→ INSTRUCTIONS FOR THE TASK
Every entry below has to appear again in your reply, word for word, but no picture may.

BEGIN DATA SUPPLIED

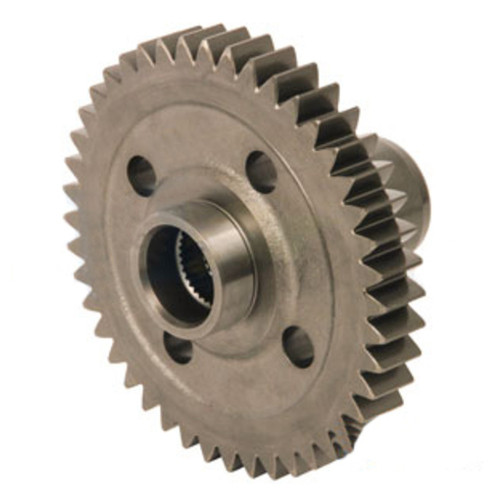 R130894 | Gear, Differential Drive Shaft for John Deere®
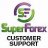 Superforex_WDTP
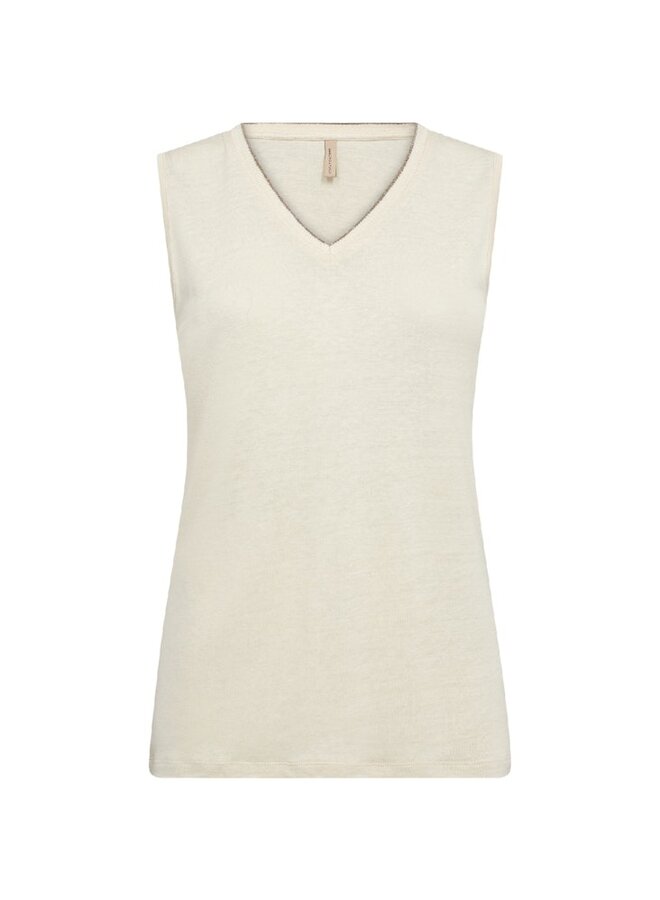 Soyaconcept Top 27016 Sand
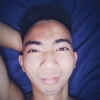 John, 21, г.Манила John, 21, г.Манила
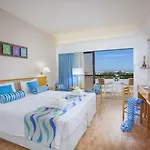 Cavo Maris Protaras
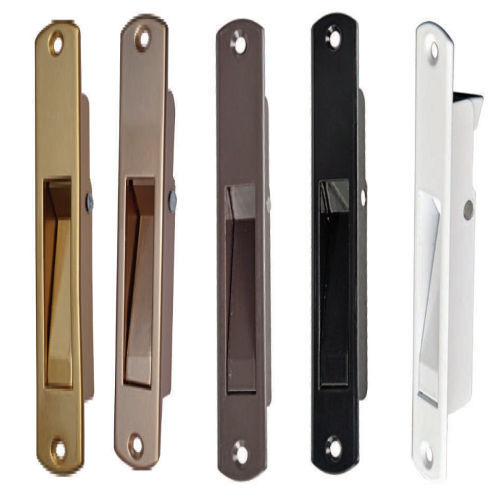 UPVC Window Hardware and Accessories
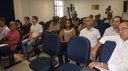 Comissão de Obras promove Audiências Públicas nesta 3ª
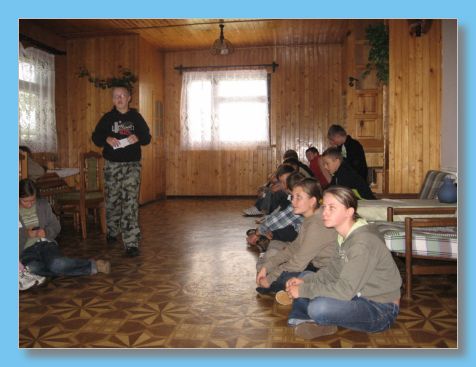 18-20 wrzenia 2007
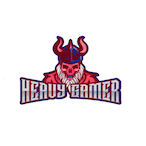 Heavy.TSY's Avatar'
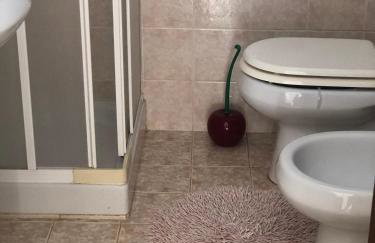 Casale Kintsugi - Foto 33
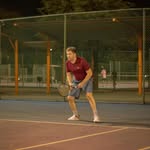 jose.chmijares profile picture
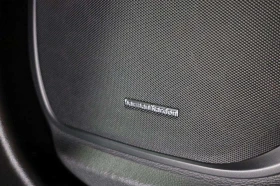 Maserati Ghibli S Q4 CARFAX - 22000 € / 43028.26 лв. - 16730365 15 | Car24.bg Maserati Ghibli S Q4 CARFAX - 22000 € / 43028.26 лв. - 16730365 15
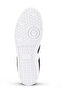 Ping Men's Black / White Casual Sports Shoes - 7
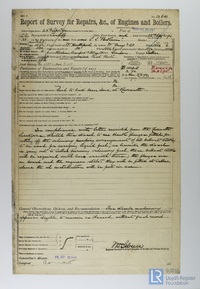 LR-FAF-SA16-0144-R_0001.jpg
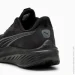  Puma Pounce Lite Blue (310778-14-43)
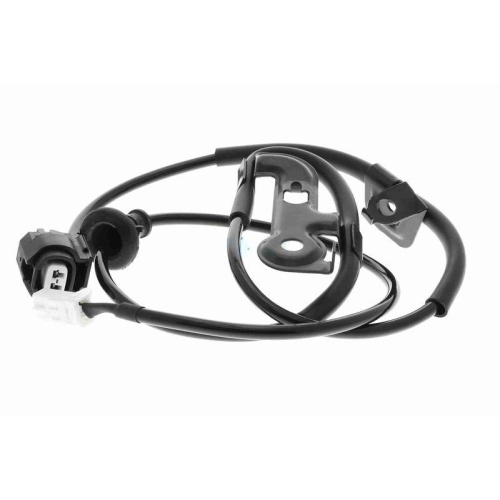 VEMO Sensor, Raddrehzahl Original VEMO Qualität V70-72-0384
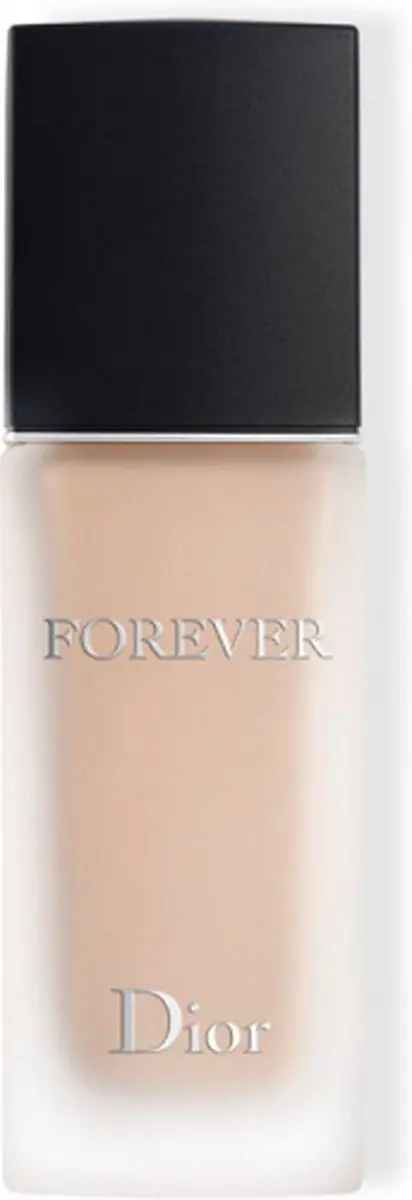 Dior Forever Foundation 30ml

END DATA SUPPLIED

→ ANSWER FOR THIS EXERCISE
 R130894 | Gear, Differential Drive Shaft for John Deere®
 Superforex_WDTP
 Soyaconcept Top 27016 Sand
 John, 21, г.Манила John, 21, г.Манила
 Cavo Maris Protaras
 UPVC Window Hardware and Accessories
 Comissão de Obras promove Audiências Públicas nesta 3ª
 18-20 wrzenia 2007
 Heavy.TSY's Avatar'
 Casale Kintsugi - Foto 33
 jose.chmijares profile picture
 Maserati Ghibli S Q4 CARFAX - 22000 € / 43028.26 лв. - 16730365 15 | Car24.bg Maserati Ghibli S Q4 CARFAX - 22000 € / 43028.26 лв. - 16730365 15
 Ping Men's Black / White Casual Sports Shoes - 7
 LR-FAF-SA16-0144-R_0001.jpg
  Puma Pounce Lite Blue (310778-14-43)
 VEMO Sensor, Raddrehzahl Original VEMO Qualität V70-72-0384
 Dior Forever Foundation 30ml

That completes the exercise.